Assigned task → Repeat word for word the opening stretch of the entries, from the first line through the line containing "MicroConnect Power Cord".

Raw data →
········
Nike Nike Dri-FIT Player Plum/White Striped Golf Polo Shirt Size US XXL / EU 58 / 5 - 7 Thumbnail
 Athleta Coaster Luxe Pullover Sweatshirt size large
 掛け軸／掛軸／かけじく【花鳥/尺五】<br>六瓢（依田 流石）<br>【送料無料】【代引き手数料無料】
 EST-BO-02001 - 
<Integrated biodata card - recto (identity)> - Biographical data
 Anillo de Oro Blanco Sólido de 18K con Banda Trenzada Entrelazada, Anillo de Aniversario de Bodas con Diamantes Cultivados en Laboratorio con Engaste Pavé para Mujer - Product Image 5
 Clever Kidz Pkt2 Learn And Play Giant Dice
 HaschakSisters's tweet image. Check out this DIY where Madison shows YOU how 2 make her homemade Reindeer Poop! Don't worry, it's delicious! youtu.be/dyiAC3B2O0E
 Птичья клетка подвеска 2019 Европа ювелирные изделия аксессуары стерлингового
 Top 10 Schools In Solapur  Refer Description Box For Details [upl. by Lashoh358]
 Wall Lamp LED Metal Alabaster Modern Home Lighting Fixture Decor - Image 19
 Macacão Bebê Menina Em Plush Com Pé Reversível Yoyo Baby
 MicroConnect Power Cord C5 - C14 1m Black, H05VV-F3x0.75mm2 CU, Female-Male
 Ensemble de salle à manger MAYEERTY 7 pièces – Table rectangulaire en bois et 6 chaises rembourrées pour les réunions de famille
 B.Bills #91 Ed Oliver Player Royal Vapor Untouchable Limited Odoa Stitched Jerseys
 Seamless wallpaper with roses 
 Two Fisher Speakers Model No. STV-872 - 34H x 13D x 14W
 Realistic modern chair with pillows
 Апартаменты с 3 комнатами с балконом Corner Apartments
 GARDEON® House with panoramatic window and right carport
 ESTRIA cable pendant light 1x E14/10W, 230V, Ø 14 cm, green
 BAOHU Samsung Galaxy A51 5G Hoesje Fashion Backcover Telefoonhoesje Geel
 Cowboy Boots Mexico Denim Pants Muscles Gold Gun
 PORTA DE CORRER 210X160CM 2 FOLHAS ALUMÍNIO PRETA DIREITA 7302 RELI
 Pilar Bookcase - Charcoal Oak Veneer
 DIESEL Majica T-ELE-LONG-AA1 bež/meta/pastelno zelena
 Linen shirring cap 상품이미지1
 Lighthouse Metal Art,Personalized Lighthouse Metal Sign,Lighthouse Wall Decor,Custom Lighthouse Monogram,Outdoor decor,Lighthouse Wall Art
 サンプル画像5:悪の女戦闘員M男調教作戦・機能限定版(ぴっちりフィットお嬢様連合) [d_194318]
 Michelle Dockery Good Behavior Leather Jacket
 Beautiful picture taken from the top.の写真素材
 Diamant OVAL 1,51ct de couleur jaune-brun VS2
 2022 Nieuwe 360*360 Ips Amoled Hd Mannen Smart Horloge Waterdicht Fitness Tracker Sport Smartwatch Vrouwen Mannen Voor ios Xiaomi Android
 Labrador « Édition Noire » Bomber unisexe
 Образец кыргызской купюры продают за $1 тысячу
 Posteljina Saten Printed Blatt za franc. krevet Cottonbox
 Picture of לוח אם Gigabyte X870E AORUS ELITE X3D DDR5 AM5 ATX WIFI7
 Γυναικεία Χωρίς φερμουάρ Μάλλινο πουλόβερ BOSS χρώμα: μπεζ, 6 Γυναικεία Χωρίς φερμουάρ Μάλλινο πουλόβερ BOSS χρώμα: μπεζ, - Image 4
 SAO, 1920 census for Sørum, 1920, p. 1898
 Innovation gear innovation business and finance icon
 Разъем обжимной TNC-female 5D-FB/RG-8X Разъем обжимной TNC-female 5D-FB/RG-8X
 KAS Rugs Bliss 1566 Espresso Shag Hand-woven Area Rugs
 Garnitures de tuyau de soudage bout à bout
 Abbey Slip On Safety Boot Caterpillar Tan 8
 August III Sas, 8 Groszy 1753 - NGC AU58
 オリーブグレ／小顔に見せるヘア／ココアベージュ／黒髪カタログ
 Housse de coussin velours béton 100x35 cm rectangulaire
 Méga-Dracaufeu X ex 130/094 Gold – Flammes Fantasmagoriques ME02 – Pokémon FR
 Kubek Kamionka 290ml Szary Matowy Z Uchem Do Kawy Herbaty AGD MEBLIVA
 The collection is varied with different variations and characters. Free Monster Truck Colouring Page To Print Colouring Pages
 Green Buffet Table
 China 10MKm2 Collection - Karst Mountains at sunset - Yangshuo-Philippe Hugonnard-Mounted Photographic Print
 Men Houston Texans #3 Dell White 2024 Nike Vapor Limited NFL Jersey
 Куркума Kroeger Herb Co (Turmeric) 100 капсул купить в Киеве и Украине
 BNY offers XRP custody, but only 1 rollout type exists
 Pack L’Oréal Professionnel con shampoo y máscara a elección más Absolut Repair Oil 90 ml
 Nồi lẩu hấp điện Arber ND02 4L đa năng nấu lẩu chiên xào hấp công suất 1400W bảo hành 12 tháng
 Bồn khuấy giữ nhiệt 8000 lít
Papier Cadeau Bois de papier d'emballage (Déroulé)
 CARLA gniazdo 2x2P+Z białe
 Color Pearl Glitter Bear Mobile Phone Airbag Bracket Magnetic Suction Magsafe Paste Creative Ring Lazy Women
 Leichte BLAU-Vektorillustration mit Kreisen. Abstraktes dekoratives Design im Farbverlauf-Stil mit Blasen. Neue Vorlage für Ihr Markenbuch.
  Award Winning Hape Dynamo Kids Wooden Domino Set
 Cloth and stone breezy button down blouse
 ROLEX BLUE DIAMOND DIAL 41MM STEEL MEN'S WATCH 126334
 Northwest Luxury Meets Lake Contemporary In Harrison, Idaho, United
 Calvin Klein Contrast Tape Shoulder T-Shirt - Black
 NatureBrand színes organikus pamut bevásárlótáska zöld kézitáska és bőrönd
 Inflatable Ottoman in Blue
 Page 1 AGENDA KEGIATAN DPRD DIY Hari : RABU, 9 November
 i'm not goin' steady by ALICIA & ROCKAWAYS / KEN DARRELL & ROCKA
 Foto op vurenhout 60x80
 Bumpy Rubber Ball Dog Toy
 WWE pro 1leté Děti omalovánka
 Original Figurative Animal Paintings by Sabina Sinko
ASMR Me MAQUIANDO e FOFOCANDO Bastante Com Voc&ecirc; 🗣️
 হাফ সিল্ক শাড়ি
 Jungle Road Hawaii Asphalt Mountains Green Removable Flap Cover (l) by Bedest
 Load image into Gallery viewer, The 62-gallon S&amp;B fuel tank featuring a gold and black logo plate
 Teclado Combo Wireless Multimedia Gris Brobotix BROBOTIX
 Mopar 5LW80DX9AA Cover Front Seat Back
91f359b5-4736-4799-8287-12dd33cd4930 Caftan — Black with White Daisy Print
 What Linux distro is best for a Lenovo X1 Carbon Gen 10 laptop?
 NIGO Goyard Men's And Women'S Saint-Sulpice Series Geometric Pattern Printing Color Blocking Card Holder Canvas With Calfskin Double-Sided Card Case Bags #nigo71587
········
Response to the exercise →
Nike Nike Dri-FIT Player Plum/White Striped Golf Polo Shirt Size US XXL / EU 58 / 5 - 7 Thumbnail
 Athleta Coaster Luxe Pullover Sweatshirt size large
 掛け軸／掛軸／かけじく【花鳥/尺五】<br>六瓢（依田 流石）<br>【送料無料】【代引き手数料無料】
 EST-BO-02001 - 
<Integrated biodata card - recto (identity)> - Biographical data
 Anillo de Oro Blanco Sólido de 18K con Banda Trenzada Entrelazada, Anillo de Aniversario de Bodas con Diamantes Cultivados en Laboratorio con Engaste Pavé para Mujer - Product Image 5
 Clever Kidz Pkt2 Learn And Play Giant Dice
 HaschakSisters's tweet image. Check out this DIY where Madison shows YOU how 2 make her homemade Reindeer Poop! Don't worry, it's delicious! youtu.be/dyiAC3B2O0E
 Птичья клетка подвеска 2019 Европа ювелирные изделия аксессуары стерлингового
 Top 10 Schools In Solapur  Refer Description Box For Details [upl. by Lashoh358]
 Wall Lamp LED Metal Alabaster Modern Home Lighting Fixture Decor - Image 19
 Macacão Bebê Menina Em Plush Com Pé Reversível Yoyo Baby
 MicroConnect Power Cord C5 - C14 1m Black, H05VV-F3x0.75mm2 CU, Female-Male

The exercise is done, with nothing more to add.